Detection quality for colored tables and images may be reduced.
Removing objects
RemoveGarbage
Key | Type | Default |
---|---|---|
RemoveGarbage | Boolean | false |
Specifies whether to remove “garbage” (for example, small dots below a certain size) from the image during object extraction.
RemoveTexture
Key | Type | Default |
---|---|---|
RemoveTexture | Boolean | true |
If set to true
, the Pdftools OCR Service removes background texture noise from a temporary image used for recognition.

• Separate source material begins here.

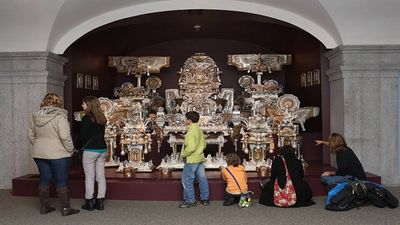 Janitor’s Visionary Throne: scrap shrine becomes Smithsonian landmark; hidden garage revealed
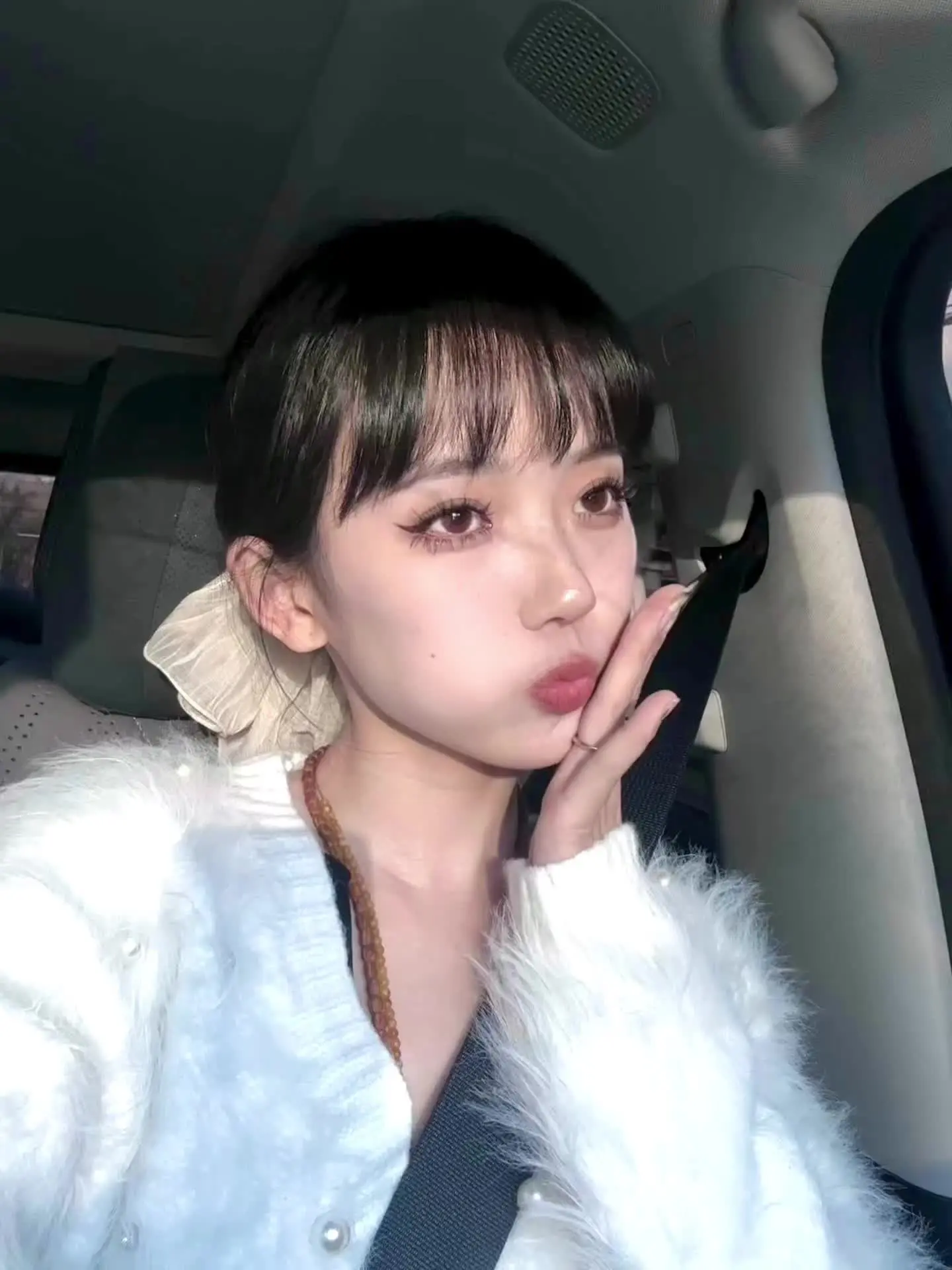 人一般，但live绝了，以后就在车内自拍啦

The source image itself remains unchanged.
Detecting objects
DetectMatrixPrinter
Key | Type | Default |
---|---|---|
DetectMatrixPrinter | Boolean | true |
If this property is set to true
, text printed using a matrix printer is detected during objects extraction.
DetectPorousText
Key | Type | Default |
---|---|---|
DetectPorousText | Boolean | true |
If set to true
, regions with porous text are detected during objects extraction.
DetectTextOnPictures
Key | Type | Default |
---|---|---|
DetectTextOnPictures | Boolean | false |
When this property is set to true
, the Pdftools OCR Service will detect all text on an image, including text embedded in pictures. The reading order is not changed, enabling full-text search later.
EnableAggressiveTextExtraction
Key | Type | Default |
---|---|---|
EnableAggressiveTextExtraction | Boolean | false |
If set to true
, the Pdftools OCR Service will attempt to extract as much text as possible, even from low-quality images.
Recommended when the input contains degraded or faint text.
The EnableAggressiveTextExtraction
mode may lead to misinterpreting pictures as text or misordering horizontal text vertically.
ProhibitDottedSeparators
Key | Type | Default |
---|---|---|
ProhibitDottedSeparators | Boolean | false |
If this property is set to true
, Pdftools OCR Service presumes that the document does not contain dotted separators.
This can be useful if you’re certain the document lacks dotted separators or if some content is mistakenly identified as one.